Note that all three statistics, ${Z}_{\mathrm{CS}}$ , ${Q}_{\mathrm{CP}}$ , and ${p}_{\mathrm{CB}}$ , ignore the correlations of the ${Z}_{ij}$ s. In ${Z}_{\mathrm{CS}}$ and ${Q}_{\mathrm{CP}}$ , it is implicitly assumed that the ${Z}_{ij}$ s are uncorrelated, and we are not certain that they control the Type 1 error in correlated cases. However, the correlations between pairwise CARP statistics might be so small that it hardly affect the distribution, as we argued in the section where we proposed the identity matrix. Therefore, we study these statistics despite the uncertainty about possibly correlated ${Z}_{ij}$ s.

5.4 Preselection with multiple testing procedures

The idea of a preselection of item pairs based on the training sample can also be applied to multiple testing procedures, like the conditionalization principle Ellis et al. (Reference Ellis, Pecanka and Goeman2018) discussed. Suppose the data sample is randomly split into a training sample and a test sample. Let the training data matrix be denoted as ${\boldsymbol{D}}_1$ and the test data matrix as ${\boldsymbol{D}}_2$ , where ${\boldsymbol{D}}_1$ and ${\boldsymbol{D}}_2$ are independent. Suppose that for each subset $L$ of pairs of variables in ${\boldsymbol{D}}_2$ there is a multiple testing procedure ${M}_L$ that controls the Type I error when it is applied to $L$ . More precisely, ${M}_L$ is a function that is applied to ${\boldsymbol{D}}_2$ and only uses the pairs of variables in $L$ , resulting in a 1 (reject) or 0 (no reject) decision, with $P\left({M}_L\left({\boldsymbol{D}}_2\right)=1\right)\le \alpha$ if the null hypothesis is true, where $\alpha$ is the nominal level of significance. Suppose that we chose $L$ as a function of ${\boldsymbol{D}}_1$ ; let this function be denoted as $\Lambda$ with range $R\left(\Lambda \right)$ . An example of this would be that $\Lambda$ selects the pairs with negative conditional covariances and ${M}_L$ uses the p-values ${p}_{ij}=\Phi \left({Z}_{ij}\right)$ of $\left(i,j\right)\in L$ with the Bonferroni correction.
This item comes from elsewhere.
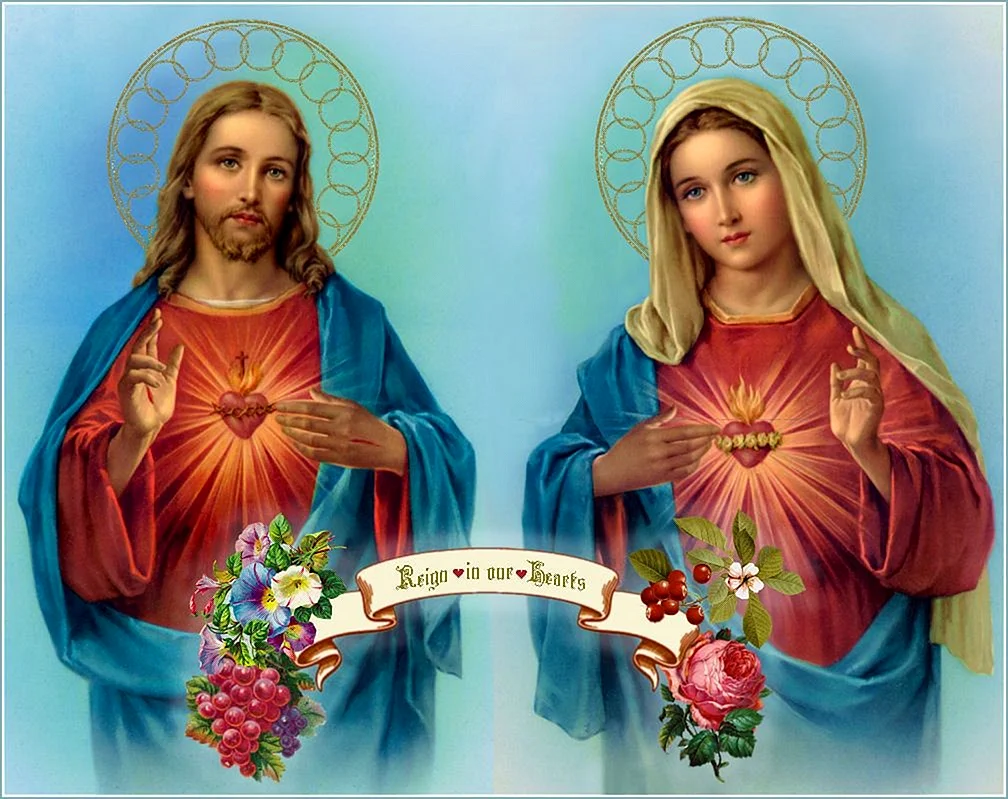 Sacred Heart Of Jesus And Immaculate Heart Of Mary Wallpaper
That is, $\Lambda \left({\boldsymbol{D}}_1\right) = \left\{\left(i,j\right):{C}_{ij+}^{\mathrm{training}}<0\;\mathrm{and}\;i>j\right\}$ and ${M}_L=1\Longleftrightarrow \min \left\{{p}_{ij}\left|L\right|\right\}\le \alpha$ . Then ${M}_{\Lambda \left({\boldsymbol{D}}_1\right)}\left({\boldsymbol{D}}_2\right)$ is the procedure that applies the Bonferroni correction to p-values in the test sample using only pairs that have a negative conditional covariance in the training sample. Such procedures control the Type I error rate: Since ${\boldsymbol{D}}_1$ and ${\boldsymbol{D}}_2$ are independent, the conditional distribution of ${\boldsymbol{D}}_2$ given $\Lambda \left({\boldsymbol{D}}_1\right)$ is the same as the unconditional distribution of ${\boldsymbol{D}}_2$ , so the rejection rate is

$$\begin{align*}P\left({M}_{\Lambda \left({\boldsymbol{D}}_1\right)}\left({\boldsymbol{D}}_2\right)=1\right)=\mathbb{E}\left(P\left({M}_{\Lambda \left({\boldsymbol{D}}_1\right)}\left({\boldsymbol{D}}_2\right)=1|\Lambda \left({\boldsymbol{D}}_1\right)\right)\right)\end{align*}$$
$$\begin{align*}=\sum \limits_{L\in R\left(\Lambda \right)}P\left({M}_L\left({\boldsymbol{D}}_2\right)=1\right)P\left(\Lambda \left({\boldsymbol{D}}_1\right)=L\right)\le \sum \limits_{L\in R\left(\Lambda \right)}\alpha P\left(\Lambda \left({\boldsymbol{D}}_1\right)=L\right)=\alpha .\end{align*}$$

Thus, we may calculate p-values for conditional covariances in the test data using only the pairs that have a negative conditional covariance in the training sample and then apply a multiple testing procedure to this selection as if it were the entire test data set from the outset. Applying this procedure to the statistics of the previous section, we obtain the following results. Let ${T}_{-}$ be the set of pairs $\left(i,j\right)$ with ${C}_{ij+}^{\mathrm{training}}<0$ and $i>j$ . Then

$$\begin{align*}{Q}_{\mathrm{PP}}:= -2\sum \left\{\log \left(\Phi \left({Z}_{ij}\right)\right)|\left(i,j\right)\in {T}_{-}\right\}\hspace{-0.5pt},\end{align*}$$

with $df=2\mid {T}_{-}\mid, \mid$ where $\mid {T}_{-}\mid$ is the size of ${T}_{-}$ . Similarly,

$$\begin{align*}{p}_{\mathrm{PB}}:= \min \left\{|{T}_{-}|\Phi \left({Z}_{ij}\right)|\left(i,j\right)\in {T}_{-}\right\}\hspace{-0.5pt}.\end{align*}$$

6 Decision rules

6.1 Decision rules: the LR test and the conditional LR test

In this section, we consider two decision rules based on ${\overline{\chi}}^2$ . The first decision rule uses the unconditional distribution of ${\overline{\chi}}^2$ . The second decision rule uses the conditional distribution of ${\overline{\chi}}^2$ , given the dimensionality of the boundary hyperplane that contains ${\boldsymbol{y}}^{\ast}$ . If $\boldsymbol{W}$ is the identity matrix, then this dimensionality is equal to the number of negative MCCs. Both the ${C}_{ij+}$ s and the ${Z}_{ij}$ s have an asymptotic multivariate normal distribution as $N\to \infty$ (Browne, Reference Browne1984, proposition 2). Therefore, we assume a multivariate normal distribution for $\boldsymbol{y}$ , which is either the vector of ${C}_{ij+}$ s or the vector of ${Z}_{ij}$ s.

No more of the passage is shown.